As told to Brandon Stosuy, 2864 words.
Tags: Music, Process, Politics, Collaboration.
Tegan and Sara on being honest with your collaborator
You have a long-term creative partnership. Is writing music still complicated, or do you have it down?
Tegan: I definitely don’t feel like we have it down. Every record poses new problems or challenges. In my opinion, what’s kept our band interesting is that we definitely approach music, our career, production, all of it, pretty differently from one another. We’re very Yin and Yang. We compliment each other. I do think we push each other, too. We’re not making a Sara record or a Tegan record ever—we’re always making some sort of compromise between where we both want to be.
For instance, Sara keeps saying to me—she’s said it about about three times now in the last six months—she keeps talking about Nashville and writing with country singers. That makes me want to quit our band. So annoying. Not because I don’t think Nashville or country singers are great, I just wish she’d stop projecting. I can feel her projecting. I don’t know if this is true, but I feel like she’s annoyed with pop music or annoyed with what’s happening in the mainstream, so now she’s picking some sort of alternative direction. I just hate that she’s trying to influence me to go in that direction.
First of all, I don’t feel prepared to write a new record now anyway, so why are we even talking about it? Stuff like that will happen, but that’s our process. Then I’ll start playing things. Like the other day I played some rough demos and Sara basically checked her text messages, then never commented about the song.
Sara: That’s not true. That is not true! [laughs]

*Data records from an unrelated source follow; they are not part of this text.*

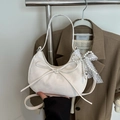 White crescent underarm bag with a bow detail and elegant pearl lace charm - White With Pendant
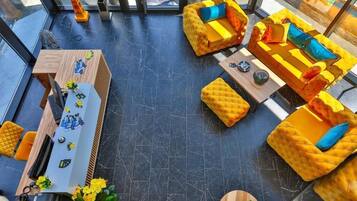 Un interior moderno con piso de mármol negro, sofás tapizados en amarillo con cojines azules, un escritorio de madera con una computadora y objetos decorativos, y una pared divisoria de vidrio con vista al exterior.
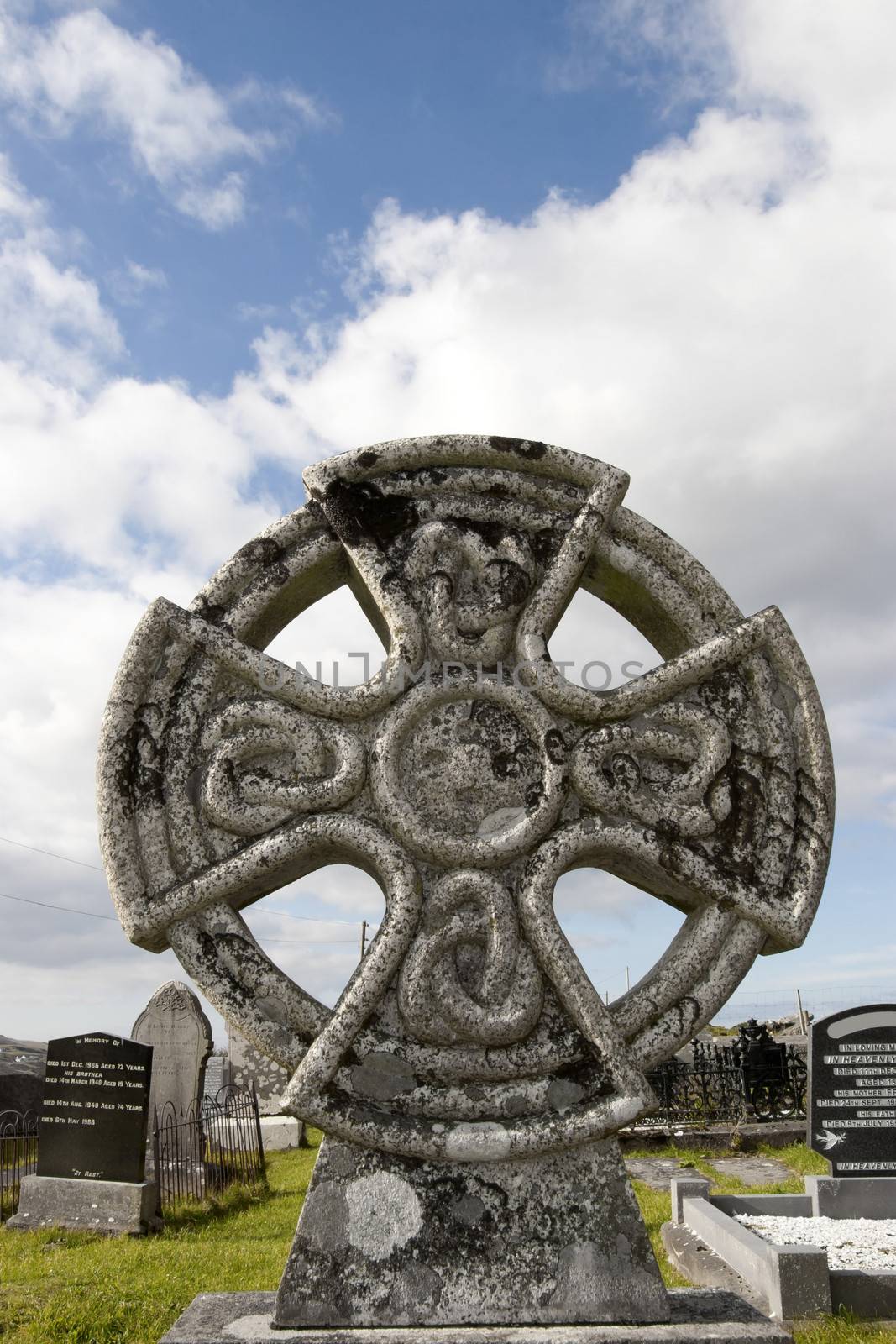 an ancient celtic cross against in Irish cemetary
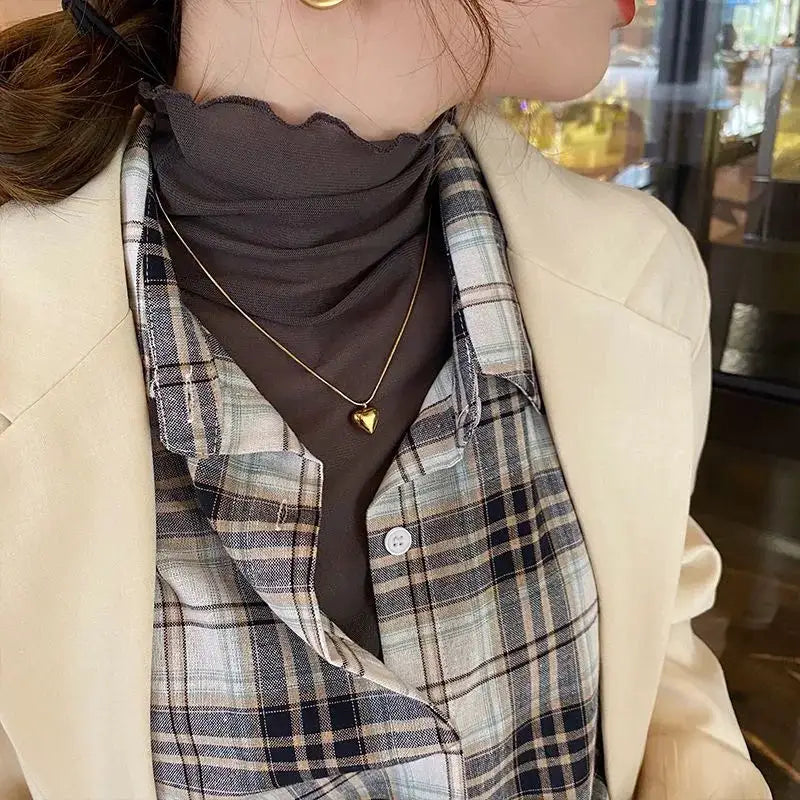 Women's black mesh blouse with plaid shirt and beige blazer; a 3-piece layered outfit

Tegan: But that’s part of the process between Tegan and Sara. That’s part of what makes our band cool. First of all, neither one of us is ever blowing hot air at the other one, neither one of us is ever saying what they think the other one wants to hear—neither one of us ever goes out of our way to do that. It’s not that we don’t want to compromise, but we don’t start from a place of compromise. We negotiate until we get to a place where we’re both happy. So, we always start by truly projecting what we want. I think we do it in a way that’s mostly conflict free because it’s a safe space. Sara doesn’t have to get the cheerleader pom poms out when I play a new song. She doesn’t need to. I know Sara respects me, I know Sara likes what I do. The process is super interesting. From my perspective it’s the same as it always was, it really hasn’t changed.
Sara: To be fair… When I think about working in a band or collaborating with each other, it’s so much more serious than a hobby. This isn’t a jam band where we get together on the weekend. Tegan’s not my child who I have to coddle and help raise her self-esteem. I mean, we are grown women. We’re 36 years old. At this point, we’ve been very lucky to make ourselves a comfortable and exciting career. We didn’t get there by lying to each other and saying, “Nice song, Tegan. You’ve got some real skills.” I’m just like—either I like it or I don’t. I’m not here to go, “Wow, Tegan. It seems like you really spent a great deal of time on those demos.” [both laugh]
Tegan, you said you’re not necessarily ready to start working on a new record. When you’re in this space, between records, do you do anything to nourish your creative side? Do you have side projects or do other kinds of things? Or is it more like getting caught up on reading books and doing other stuff?
Sara: Kind of all of the above.
Tegan: Yeah. It’s a bit of all of it. I mean, we both write. Even though I’m not ready to go in and make a new record, I love making music all the time. I love repurposing old demos. We’re always open to submitting stuff for soundtracks. I definitely keep the creative juices going.
Right now, it’s almost like we’re just taking in everything we possibly can. I think that will influence the record. The longer we wait and the more we read and see films and experience stuff and let time pass, the more interesting our next record will be. That’s how I always think about it. It’s not that I don’t like writing, I write in between records. But I still like the longer we wait to write, or the longer we wait to really follow through with those ideas, the better the songs will be because more time will have passed.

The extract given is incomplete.